The report’s key recommendations for play providers are:

  • Settings should ensure that play staff have received training on multiple needs and disability to help improve the way they support children and families. This should include responding to medical needs, communicating with children with specialist communication needs, and personal care. The training should also enable them to create an environment and ethos which is inclusive and developmentally appropriate.
  • Where possible, treatments and therapeutic interventions should be delivered through play.
  • Every play setting should have a play policy statement which stresses the inclusion of every child.
  • Every play setting should have a play policy statement which stresses the inclusion of every child.
  • Settings should plan carefully prior to the admission of every child in order to ensure their needs are met and that they will be welcomed and understood by other parents, children and both professional staff and volunteers.
  • Voluntary sector organisations should do more to share their significant experience of supporting children with specific impairments and multiple needs with public and private play settings. This could include offering training and toolkits on inclusive play.


Case study

Lesley Rogers’ daughter Ruby was born with CHARGE syndrome, a rare genetic condition that left her deafblind and with multiple needs.

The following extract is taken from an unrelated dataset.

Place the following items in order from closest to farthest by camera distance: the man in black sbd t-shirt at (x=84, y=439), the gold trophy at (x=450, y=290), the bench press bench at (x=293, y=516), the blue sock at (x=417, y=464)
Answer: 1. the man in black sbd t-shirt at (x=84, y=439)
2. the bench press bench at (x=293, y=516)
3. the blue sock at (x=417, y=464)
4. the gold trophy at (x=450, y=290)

Access to Portage when Ruby was an infant enabled the family to play with their daughter, and through the use of pictures and toys she learnt basic sign language – communication skills essential to her development. It was at nursery age, though, when Portage stopped, that the parents realised the difficulties they would face in accessing suitable play opportunities for their daughter.

Lesley says, ‘There just aren’t enough places that are accommodating to children with multiple needs. From the very beginning we have struggled to find appropriate play opportunities for Ruby.

‘From play groups to leisure centres and play parks, every activity has to be checked so that it’s appropriate beforehand, and, if it’s not, I have to ask for adaptations – and if those can’t be made, and often they can’t, Ruby will miss out.’

'At regular toddler groups I often felt vulnerable and isolated. Parents at mainstream settings can sometimes be pretty ignorant and insensitive, and I didn’t want to keep explaining Ruby’s condition to other people. I wanted to be in an environment where people understood my situation and were respectful.’

'Because of this experience Lesley felt more comfortable in a specialist setting so started attending a weekly pre-school group called Sparkles, run by Sense. The sessions focus onsinging, socialising and sensory fun. Lesley says, ‘It was a lifeline. You didn’t need to explain to anybody what was wrong; if you came along with a feeding pump and a suction machine, it was accepted. I found everything I needed there: support from other parents and expert knowledge from staff.’